Я не пугаюсь — слишком хорошо его знаю. Он и на Веру кричит (свою), и на себя самого. А кроме того, с «юности моей» он мне нравился эстетически, художнически. Натуру его знал я отлично, чего можно, чего нельзя от него ждать — все известно. А вот нравился.
Уже после премии Нобелевской, когда выходило здесь собрание его сочинений, он держал корректуру в этом самом Грассе.
Сижу у себя наверху, ставлю запятые, вопреки грамматике, перед и, вдруг внизу опять хлопает дверь и на весь дом крик: — Писатель с мировым именем, — и вдруг написал такое… (скажем элегантно: «удобрение»).
Это значит, читает в корректуре «Деревню» и не одобряет. «Ты им доволен ли, взыскательный художник…» — да, взыскательным художником он был, конечно.
Мы с женой слушали эту «Деревню» еще в Москве, он сам читал — брату Юлию, мне да двум Верам, в доме Муромцевых, родителей его жены.
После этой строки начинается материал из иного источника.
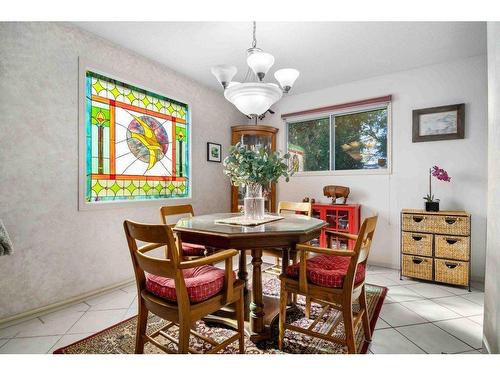 242 Carry Drive Se, Medicine Hat, AB - Indoor Photo Showing Dining Room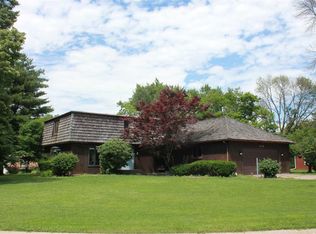 318 Oakview Terrace Dr, Aledo, IL 61231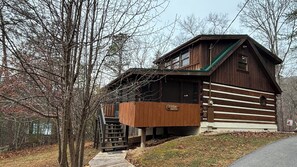 Exterior - At Wild Turkey Cozy Cabin - Relaxing getaway, close to Smoky Mtn attractions (Sevierville)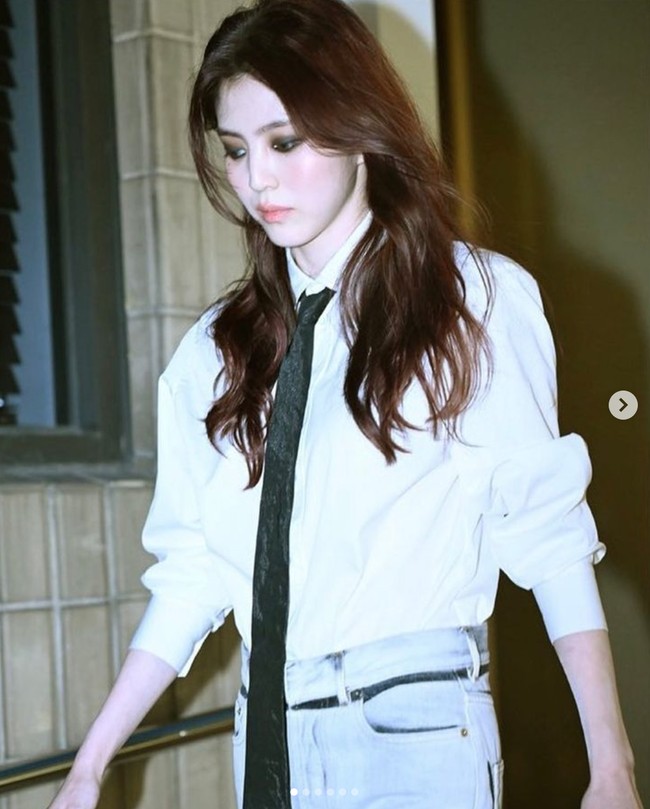 Riasan mata smokey eyes Han So Hee menjadi daya tarik tersendiri. Penampilannya mengingatkan netizen dengan karakter Bella Swan di film percintaan vampir, Twilight.    Foto: dok. Instagram @hansohee.news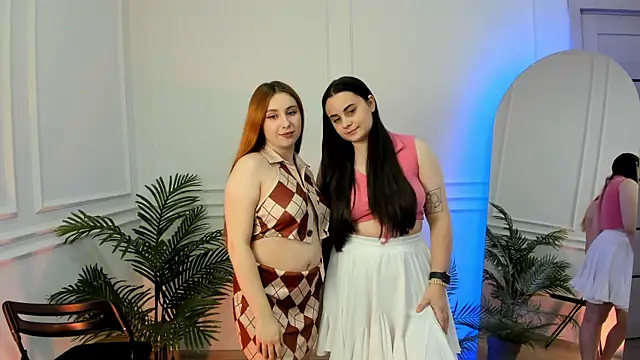Snapshot of SBella_Sweet chatting on September 9, 5:01 pm SBella Sweet online show from September 9, 5:01 pm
Чтец был превосходный.
Сказать правду, эта «Деревня» никогда мне близка не была, Бог с ней, мало нравилась. А вот он вдруг теперь распалился: такой уж нрав.
В Грассе, под провансальским солнцем, написал он многое свое основное, «Жизнь Арсеньева», «Митину любовь», «Цикады».
Мы в Грассе только временно бывали, а два лета жили в департаменте Вар, в именьице друзей. Это совсем другое дело. Пустынное и поэтическое, глухое место — леса, оливки, виноградники, ничего яркого и нарядного, но великое молчание и обаянье страны древней, высоко-благородной.